## What needs to be done
Write out again only the lines that run from the start of the entries to the line containing "132 30th Avenue", both included.
====== Available data
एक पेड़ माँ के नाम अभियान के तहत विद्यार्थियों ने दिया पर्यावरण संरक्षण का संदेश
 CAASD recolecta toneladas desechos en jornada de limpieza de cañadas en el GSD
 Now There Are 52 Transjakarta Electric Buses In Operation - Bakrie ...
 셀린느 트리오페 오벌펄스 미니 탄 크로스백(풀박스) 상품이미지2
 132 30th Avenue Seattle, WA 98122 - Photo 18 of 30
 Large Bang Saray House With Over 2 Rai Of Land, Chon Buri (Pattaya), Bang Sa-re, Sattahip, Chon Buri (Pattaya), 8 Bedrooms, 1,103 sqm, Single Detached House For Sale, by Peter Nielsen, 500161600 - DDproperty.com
============
## Response
एक पेड़ माँ के नाम अभियान के तहत विद्यार्थियों ने दिया पर्यावरण संरक्षण का संदेश
 CAASD recolecta toneladas desechos en jornada de limpieza de cañadas en el GSD
 Now There Are 52 Transjakarta Electric Buses In Operation - Bakrie ...
 셀린느 트리오페 오벌펄스 미니 탄 크로스백(풀박스) 상품이미지2
 132 30th Avenue Seattle, WA 98122 - Photo 18 of 30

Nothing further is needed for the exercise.